───── Records for processing ─────

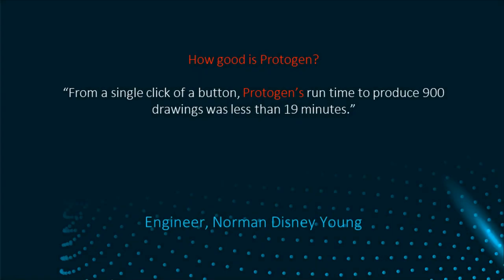How good is Protogen? Well at Norman Disney Young they said from a single click of a button Protogen's run time to produce 900 drawings was less than 19 minutes. That really says it all. Thanks for watching the demo.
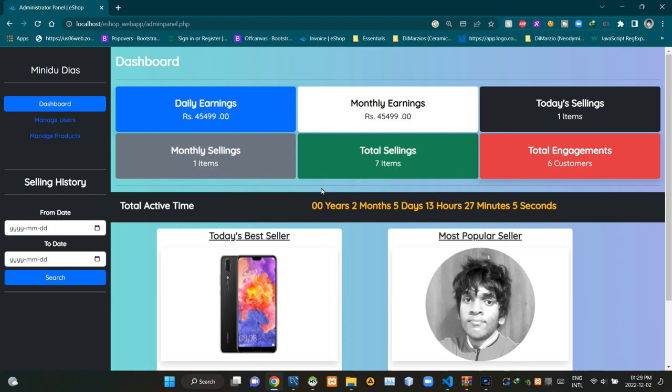Hello folks, welcome to today's demonstration video of my eshop project. This video is going to be about the programming side of the administrator panel page. So without further ado, let's get into this.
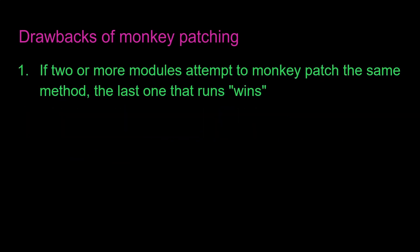So what are the drawbacks of monkey patching? Well, for one, if there are two or more modules attempting to monkey patch the same method, the last one that runs wins. And this can get hectic. Imagine a case where there are 10 different modules monkey patching the same method, it becomes really difficult to know what's going on.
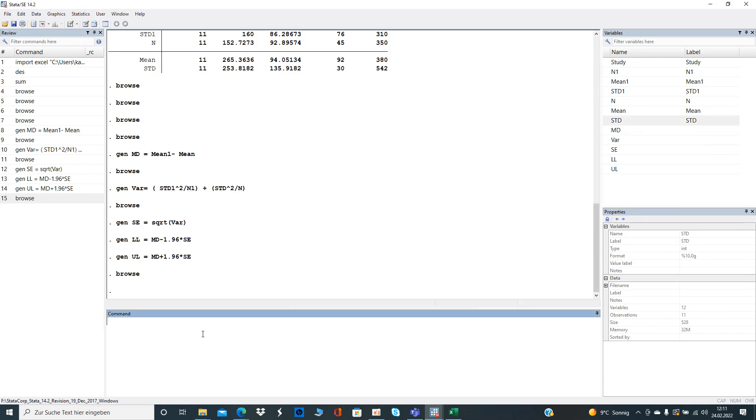The weight, let's call it w. Generate w equals, and that is just one divided by the variance, meaning it's the inverse.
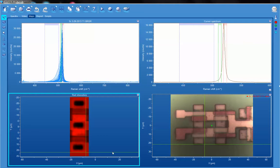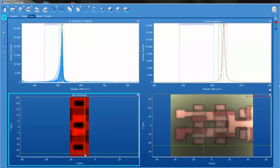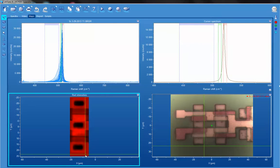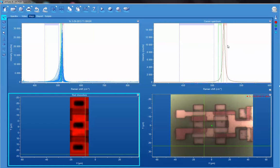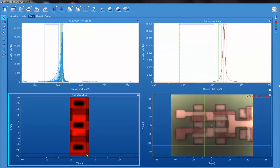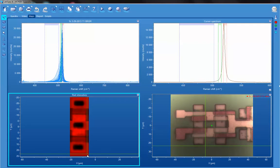Over here is the Raman image that corresponds to the reflected light image. In the upper left-hand corner is the entire hyperspectral data set. In the upper right-hand corner, you'll see the individual spectrum associated with the location of the cursor.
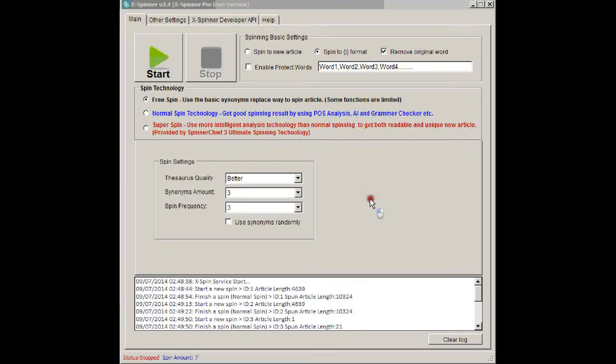Hi, this is Adrian from White Hat Box. Today I'm going to show you Xspinner, which is a spinner API.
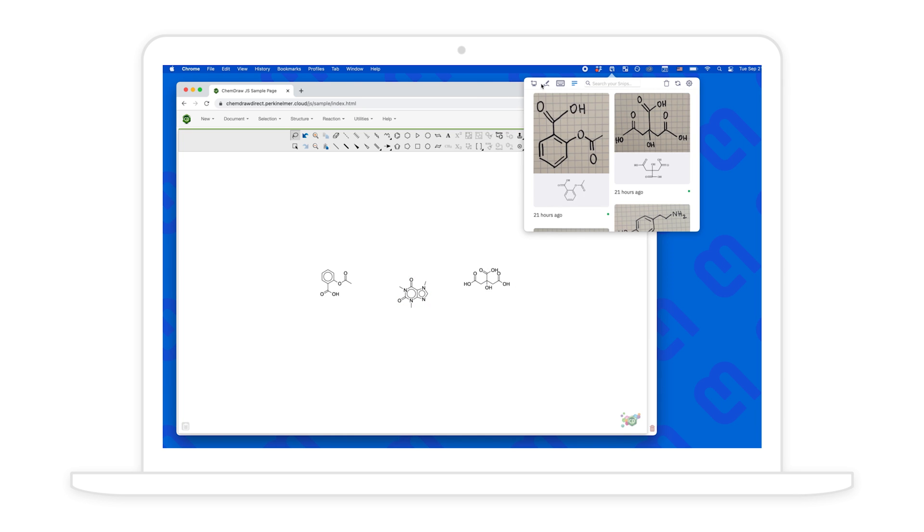So that's how you convert handwritten chemical diagrams to smiles code in less than a minute using snip.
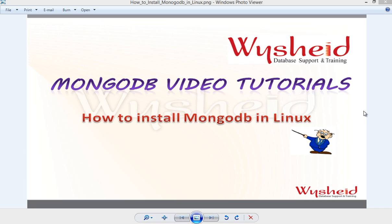Hi guys, today we will see how to install MongoDB on Linux Operating System. We have gone through the theory of this session earlier, but today we will see the practical implementation.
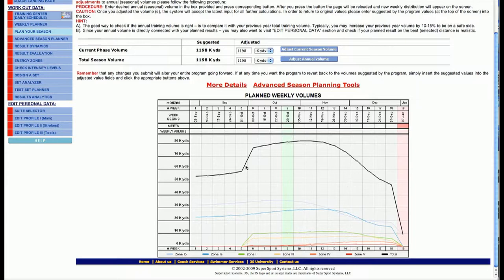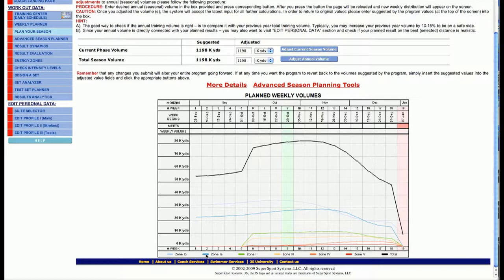This black line represents the aggregate of all the energy zones for any given week. You can see that the individual lines represented by the light blue, the blue, the green, etc., are each one of the energy zones.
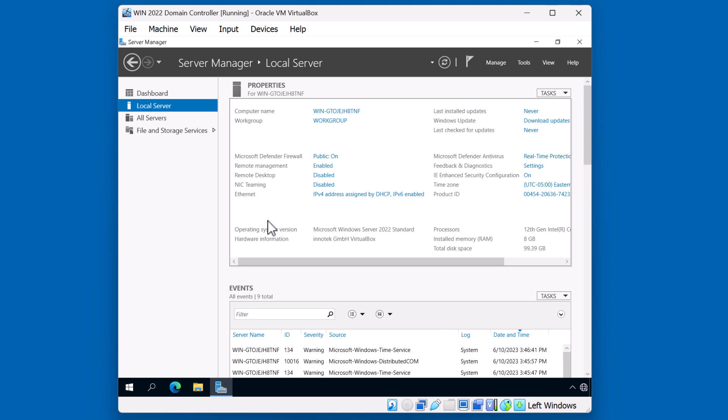The computer name is very important because once we install Active Directory Services, it's almost impossible to change that computer name without starting from the beginning.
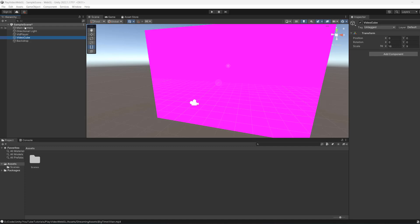Greetings, it's Maxo Diddly. Today I'm going to be showing you how to play a video in a Unity WebGL project. So let's get right into it.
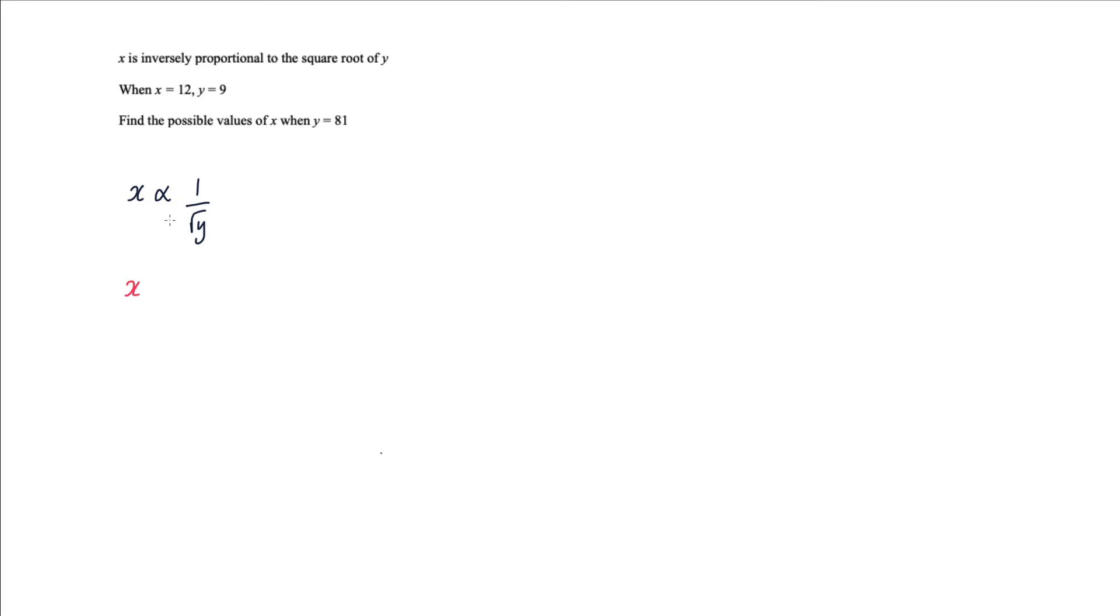Then what we do is we change the proportionality sign to equals. Now the one changes into a k, and then that becomes over square root y. They've given you some values, 12 and 9 for x and y.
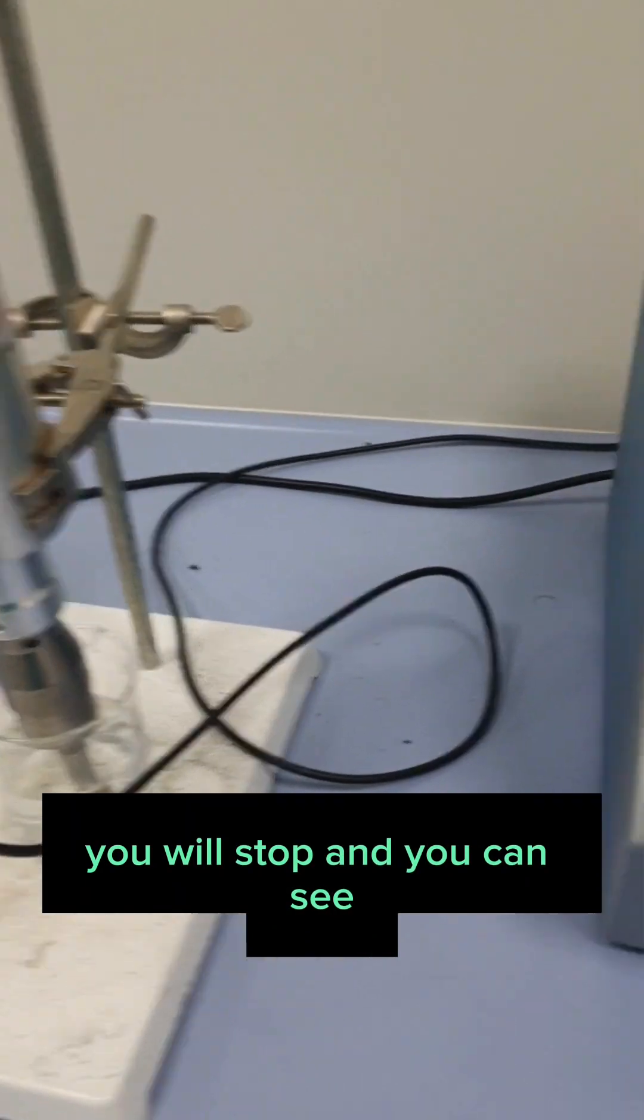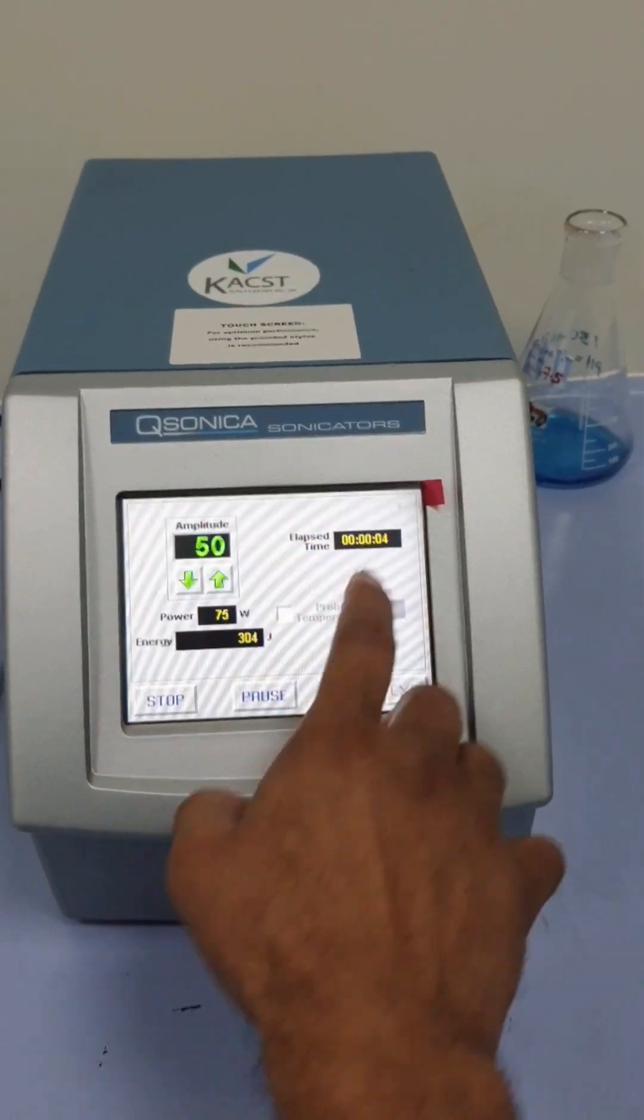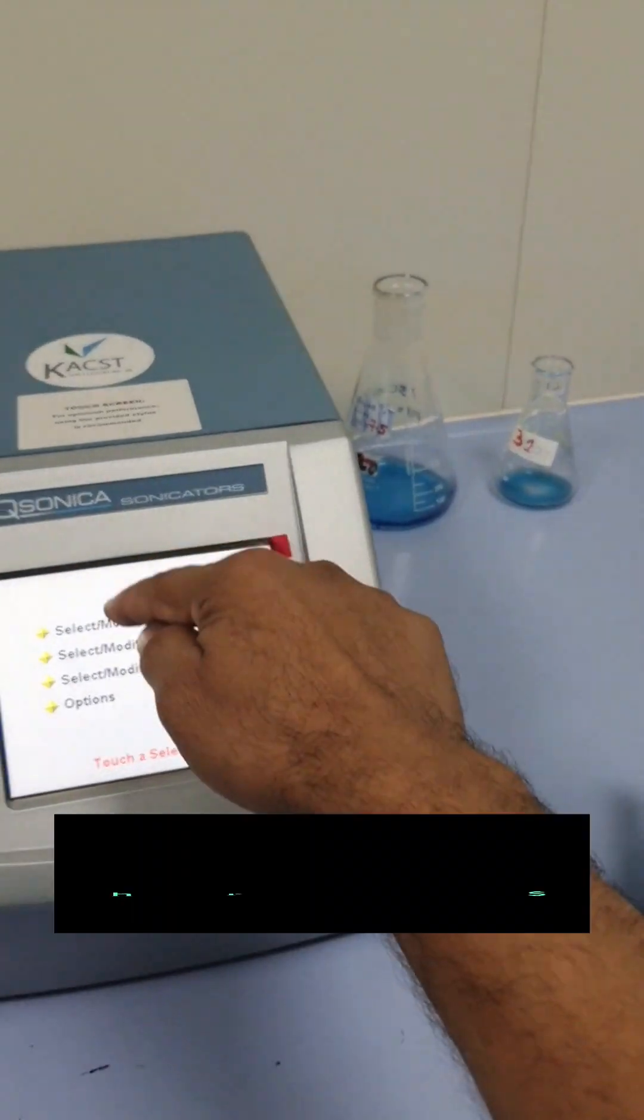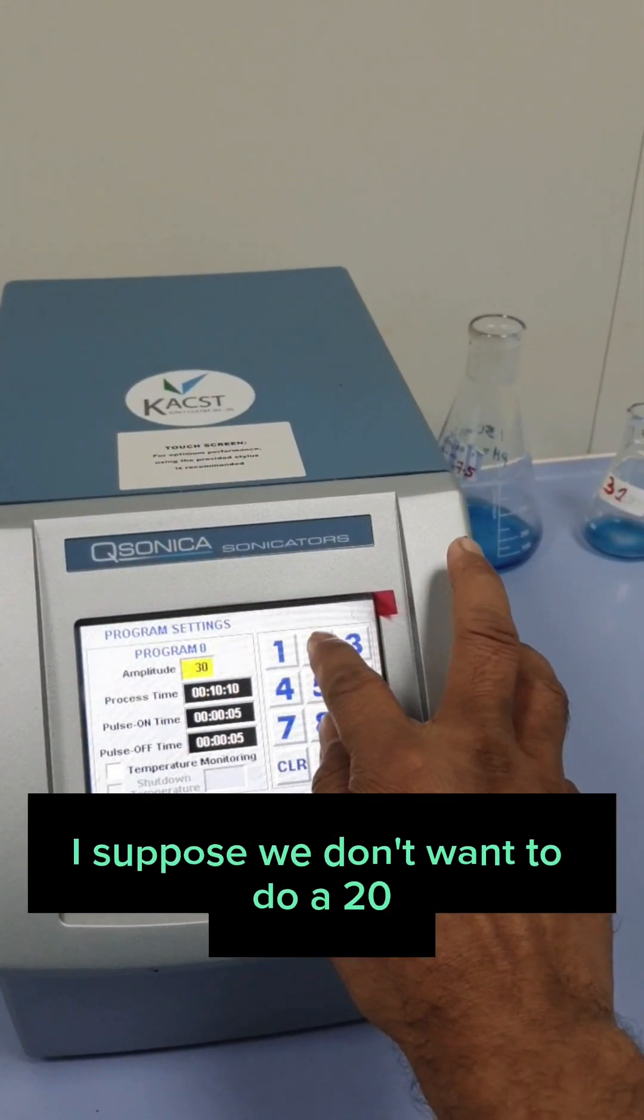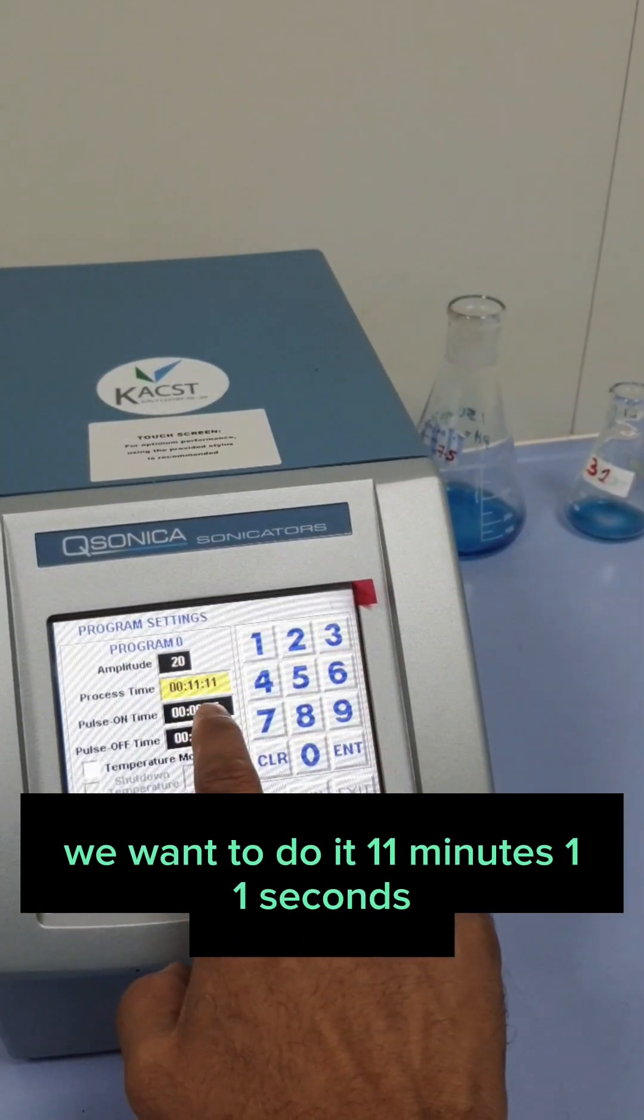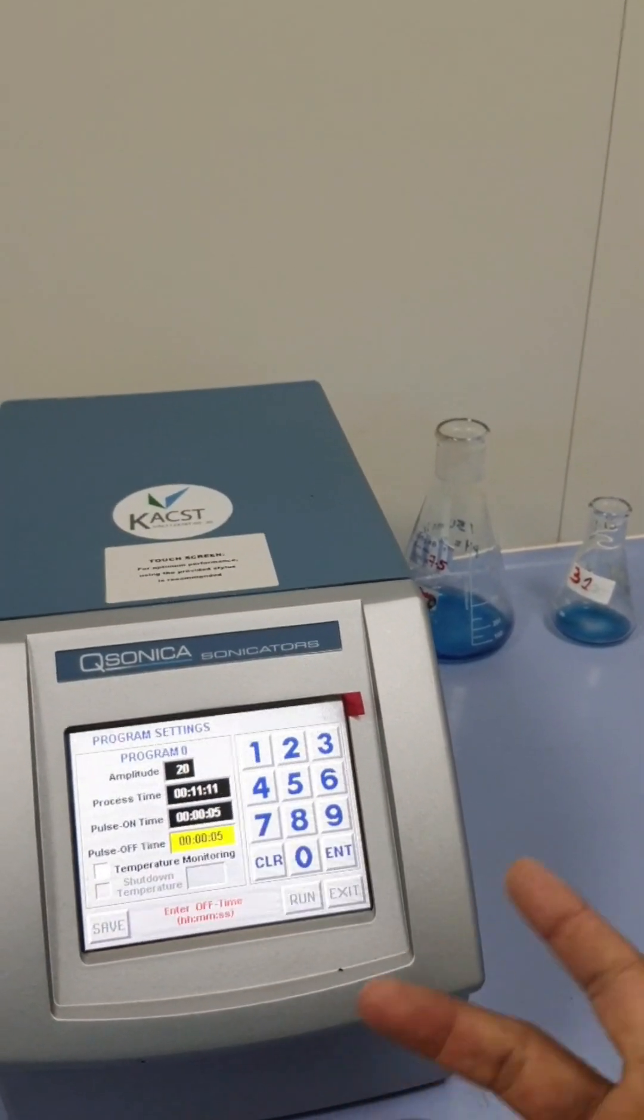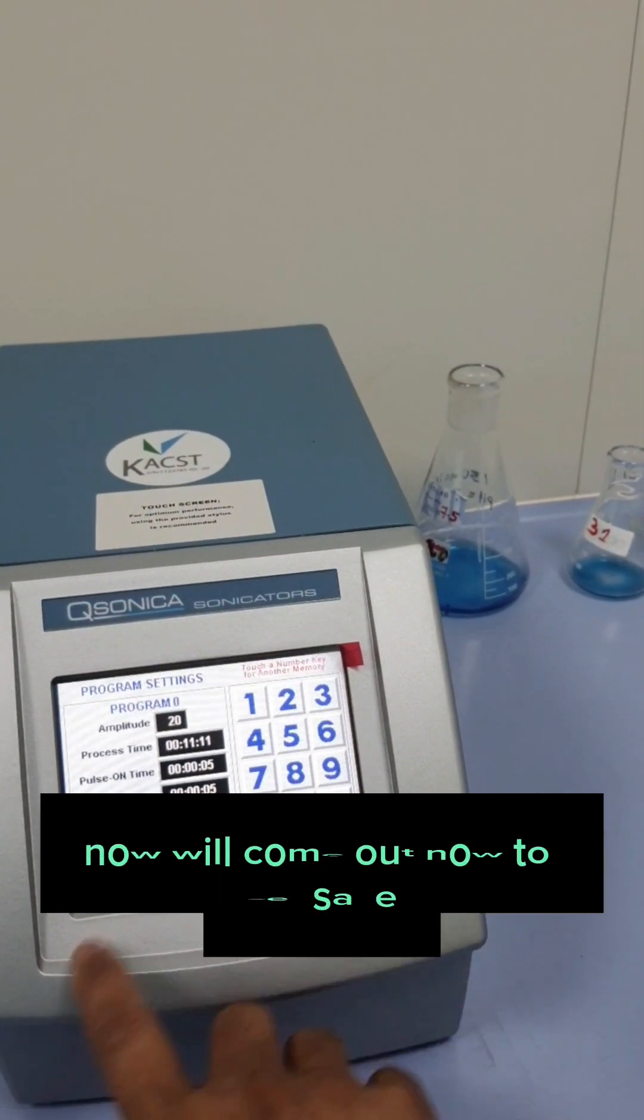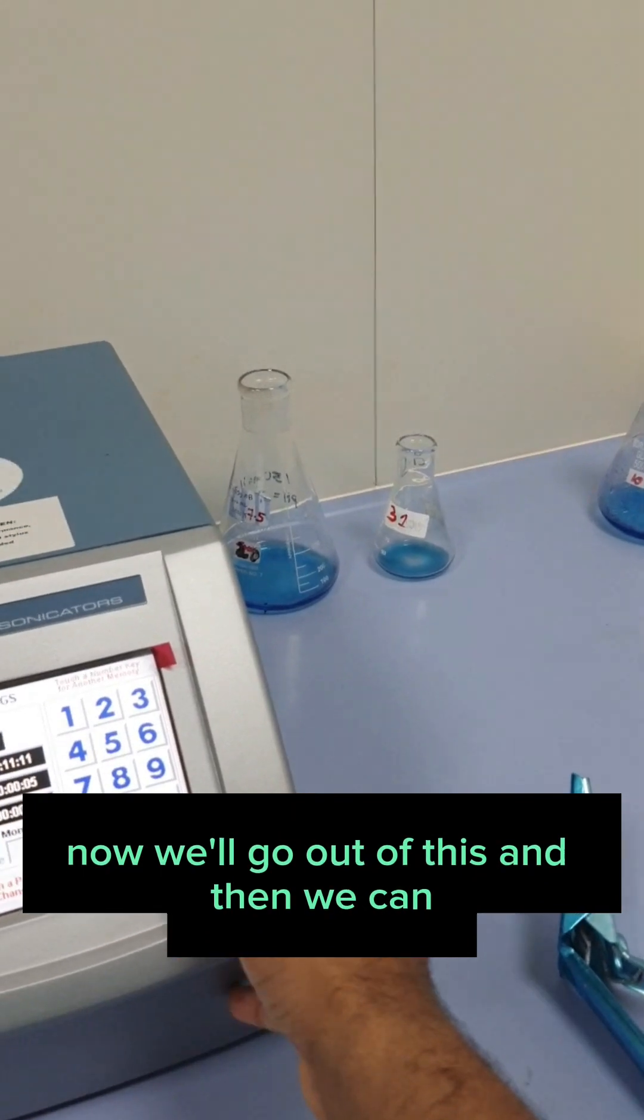Now you will stop. And you can see. And then exit. We will go to the other options. There are a lot of options. Select or modify a program. We can modify it. We can change the amplitude. Let's suppose we don't want to do 20. And what is the time? Suppose we want to do 11 minutes, 11 seconds. Pulse on, pulse off. We already saw these kind of settings in our old videos. In case when I was preparing LDH, layered double hydroxides. Pulse on, pulse off. We will come out. We say save. And then run. We can start. Now we will go out of this.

─────

◆ Activity ◆
Give back exactly the lines above that run from the one with "So that's how" to the one with "Greetings, it's Maxo", including both, with the pictures left out.

◆ Task response ◆
So that's how you convert handwritten chemical diagrams to smiles code in less than a minute using snip.
Hi guys, today we will see how to install MongoDB on Linux Operating System. We have gone through the theory of this session earlier, but today we will see the practical implementation.
This black line represents the aggregate of all the energy zones for any given week. You can see that the individual lines represented by the light blue, the blue, the green, etc., are each one of the energy zones.
The computer name is very important because once we install Active Directory Services, it's almost impossible to change that computer name without starting from the beginning.
Greetings, it's Maxo Diddly. Today I'm going to be showing you how to play a video in a Unity WebGL project. So let's get right into it.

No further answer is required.